We are also working with our textiles partner on new sleep fabrics which are not only antibacterial but focused on the well-being of the passenger, with fabrics that provide cooling elements and others which have a warming effect for those who often feel cold inside the cabin.”
And for Wet-Nap’s offerings, the sensitivity of sense goes the other way also. “There is little point in offering a cheap wet paper towel with an aggressive fragrance. This causes more annoyance than satisfaction with the passenger.”
Quality products onboard
As such, passengers are becoming more discerning with what they either buy, or are offered, onboard. Lam thinks that “passengers are more and more focused on well-being so the quality, providence and type of choices” made onboard are just as “important as are the types of comfort items offered.”
Mariën believes that the crossover between quality and wellness through hygiene is apparent in their newly launched “VIP towel”.
“A very heavy wet towel that can be used dry or cold. Extremely pleasant to use! Thanks to the special cloth fabric, it can be used after refreshment to clean the tablet, table and contact zones. Those are the surfaces where most germs are located.”

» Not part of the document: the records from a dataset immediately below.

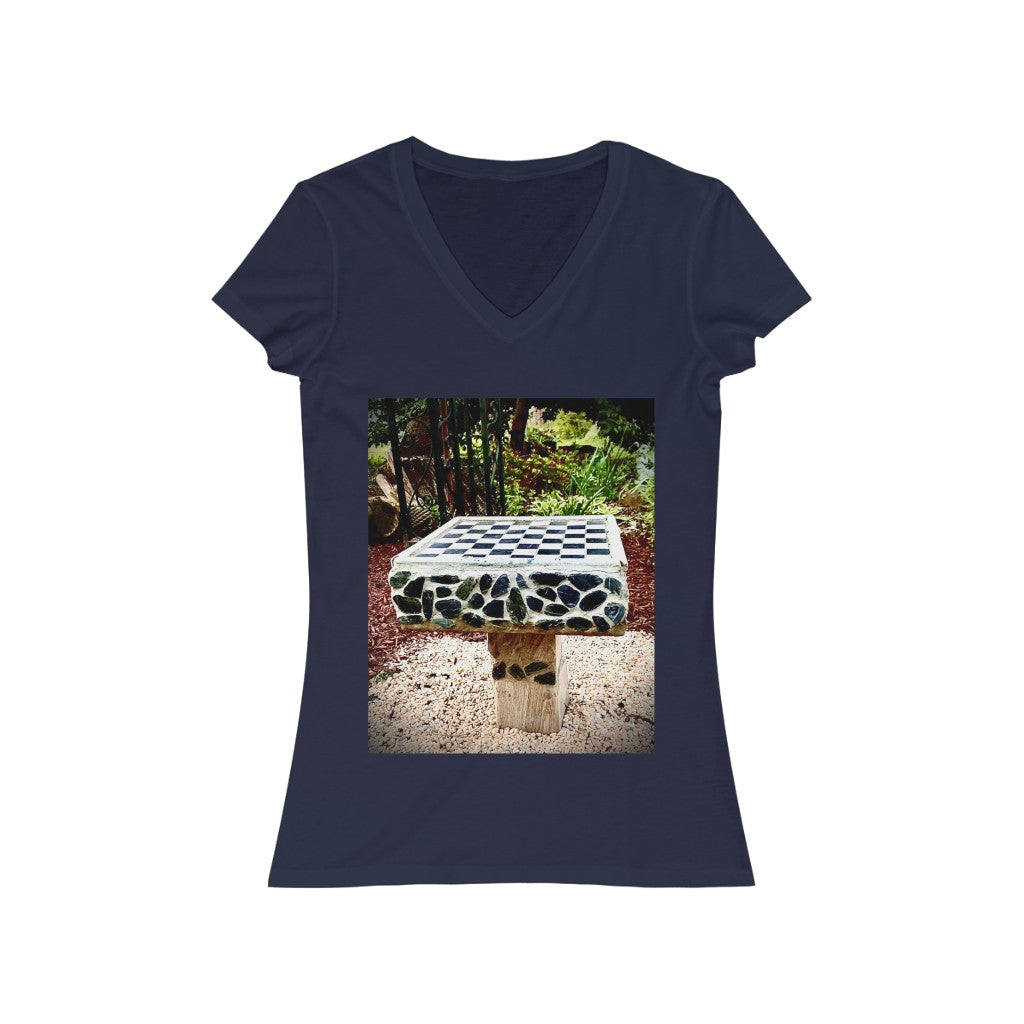 Chess Board - Women's Jersey Short Sleeve V-Neck Tee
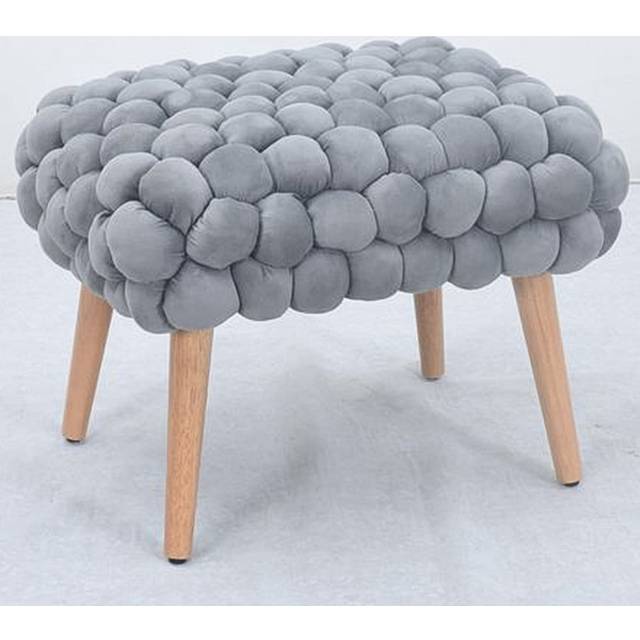 Artemis Home Cushla Bubbly Velvet Small Footstool - Grey, Grey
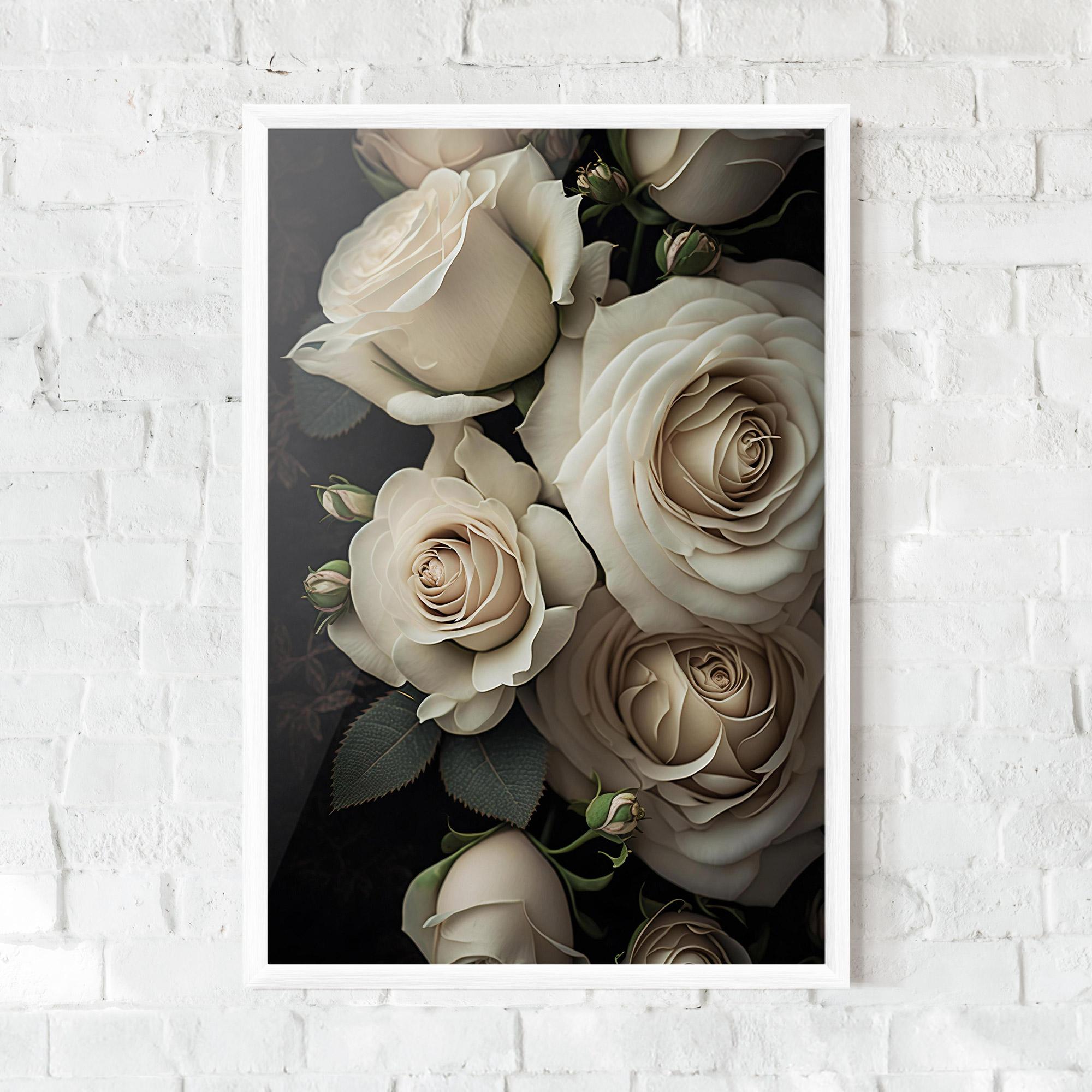 Gerahmte Poster Cream Roses Close Up mockup 0
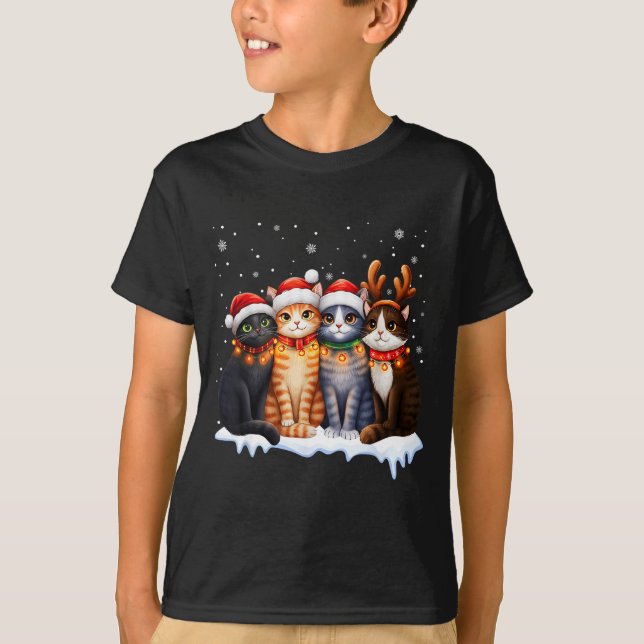 Christmas Lights For Cat Lovers Xmas  T-Shirt (Vorderseite)
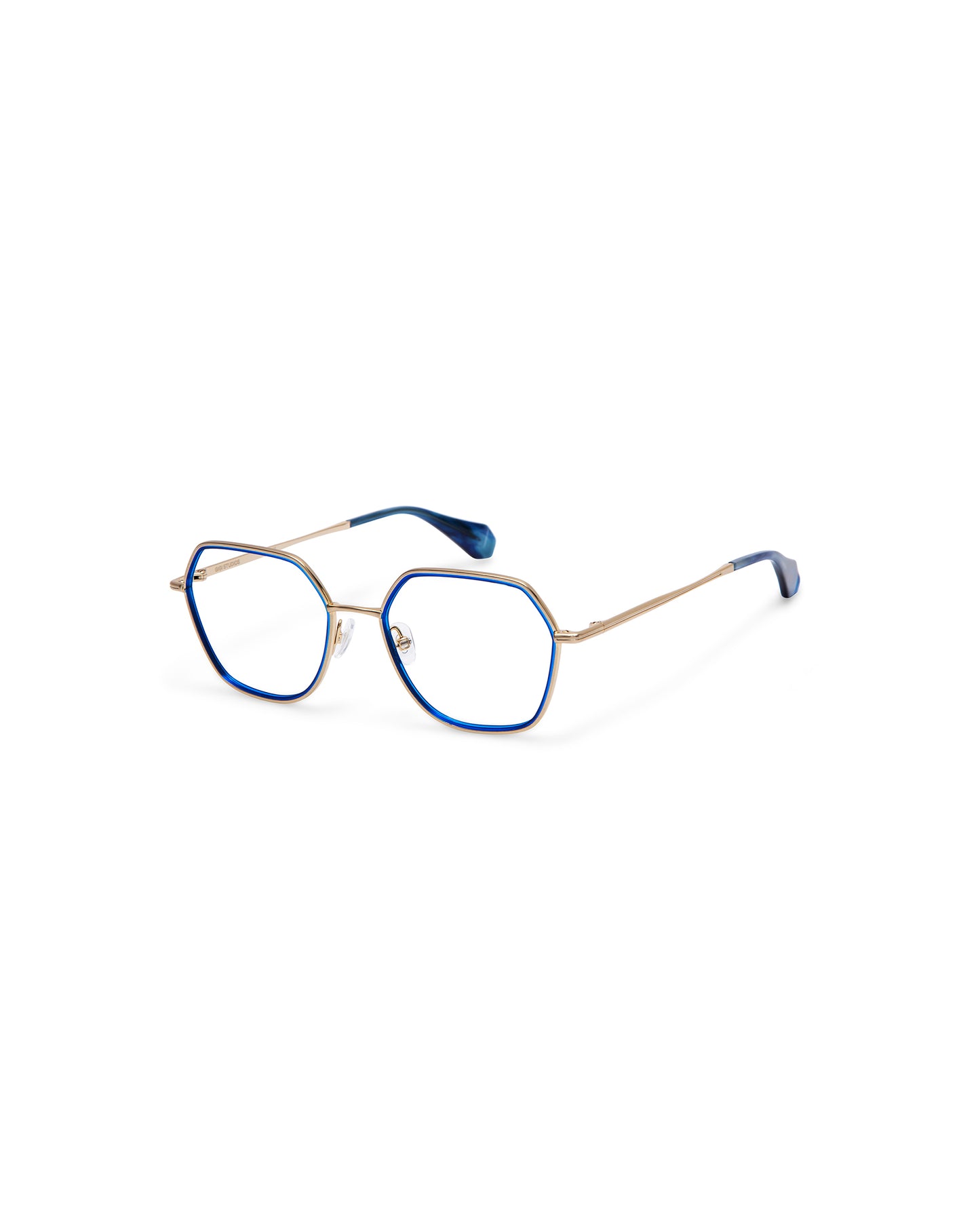 JOLENE: Geométricas Acetato-Metal Azul optical glasses by GIGI STUDIOS 742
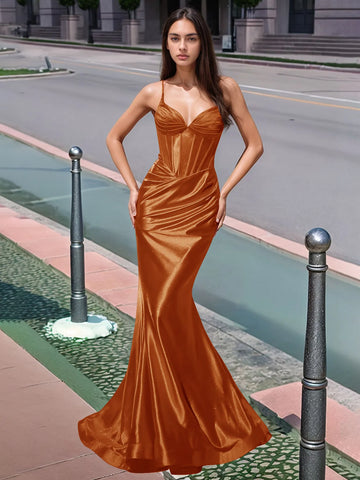 Pleated V-neck Boiced Mermaid Long Prom Dress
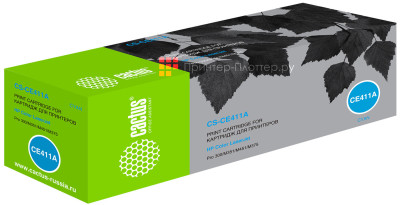 Картридж лазерный Cactus CS-CE411A голубой (2600 стр.) для HP LJ Pro 300/M351/M451/M375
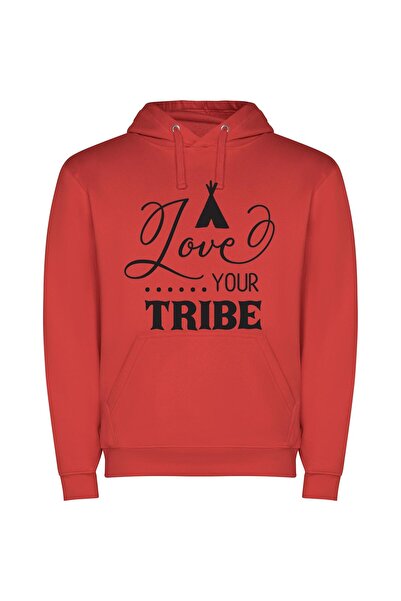 iLovePrints Love Your Tribe: True Style Φούτερ με κουκούλα σε χρώμα Κόκκινο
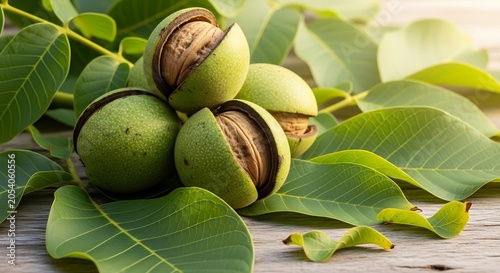 Fresh Walnuts in Green Husks with Leaves on Wooden Surface.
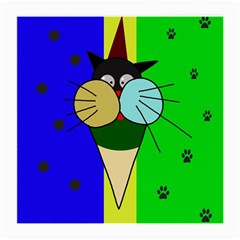 Ice Cream Cat Medium Glasses Cloth (2-side) by Valentinaart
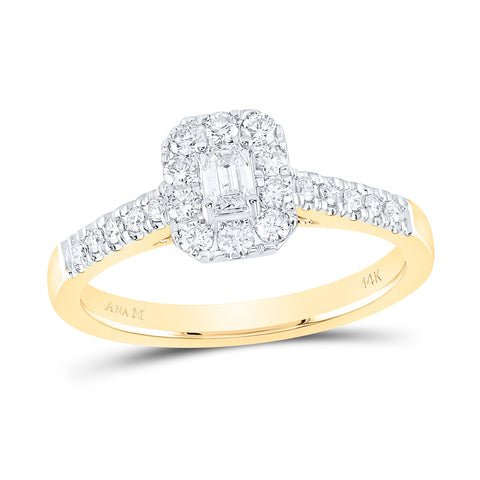 14kt Yellow Gold Emerald Diamond Solitaire Bridal Wedding Engagement Ring 1/2 Cttw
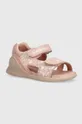 ružová Detské kožené sandále Biomecanics Dievčenský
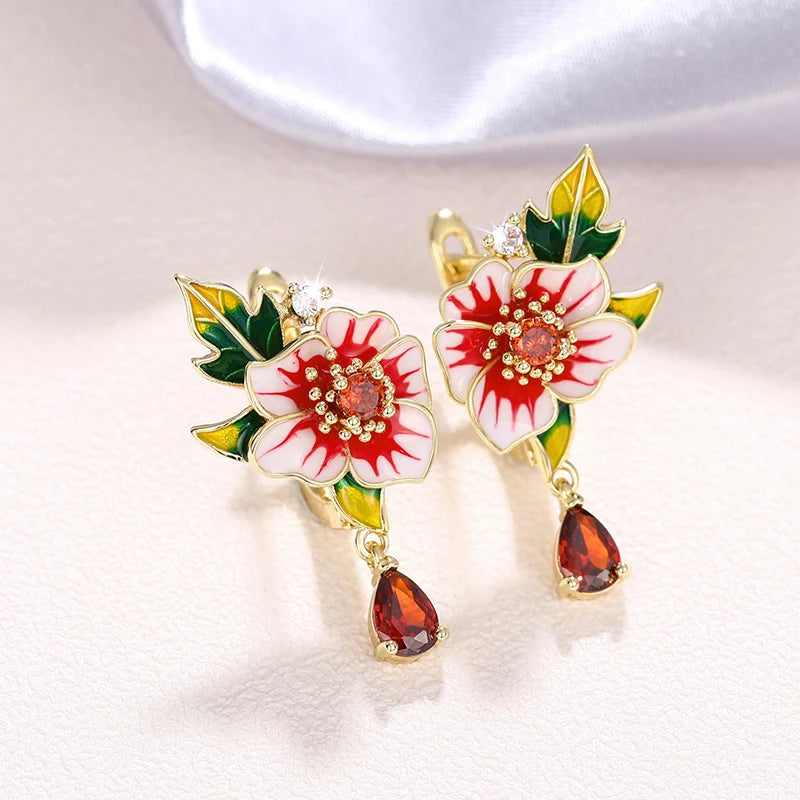 Flower Earrings for Women Red Flower Green Leaf Aesthetic Enamel Earrings Wedding Party Temperament Lady Jewelry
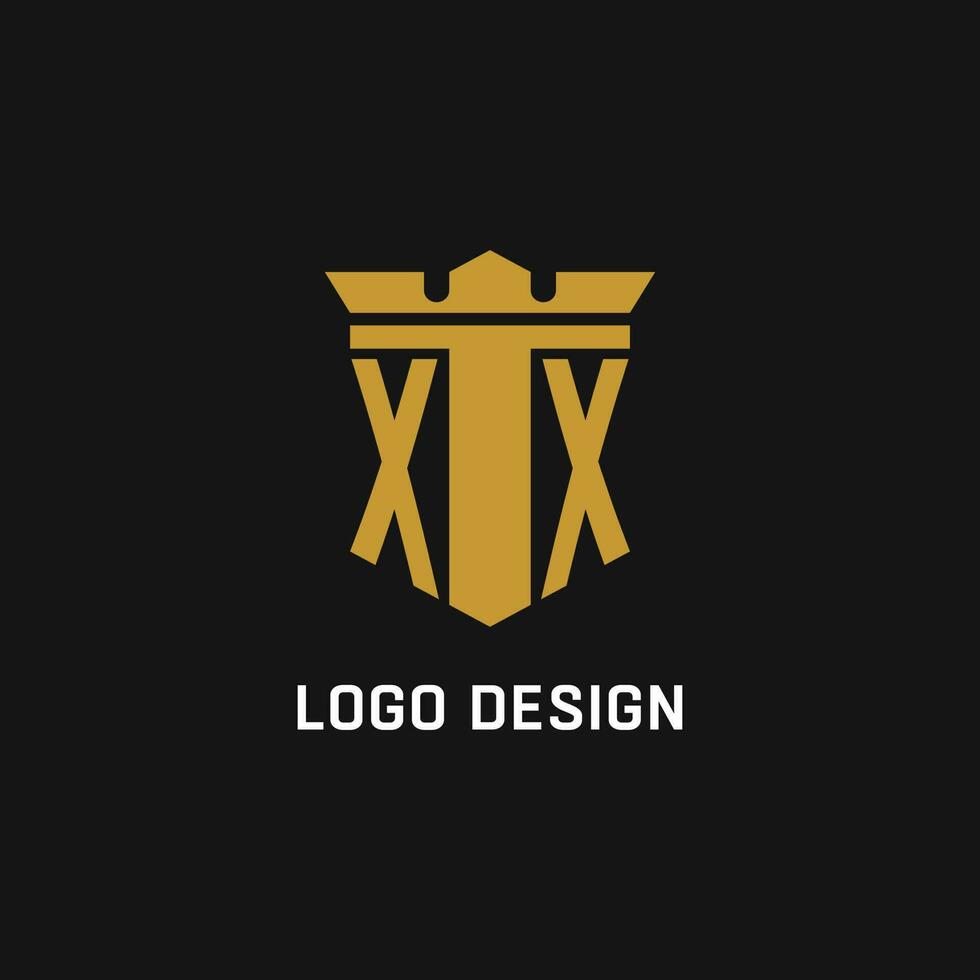 xx inicial logotipo com escudo e coroa estilo vetor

“I think our type of product speaks for itself. It gives the user a good feeling, the ability to clean their hands and face, and is made from quality, luxury materials.”
It’s clear that even across food and beverage, hygiene, tableware and lifestyle products, travel comfort and wellbeing is a constant goal for the onboard sector. Fast-emerging market segments like passengers 50 and above as well as Gen Z (people born between 1996 and 2010) are either requiring or demanding a more holistic approach to well-being onboard.
With the potential to impact passenger satisfaction and leverage revenue across several product sectors, the industry must respond to this “shift” towards wellness.
As such, carriers and suppliers will have to continue innovating whilst working transparently to both enhance the passenger experience and engender a sense of wellness across all inflight touchpoints.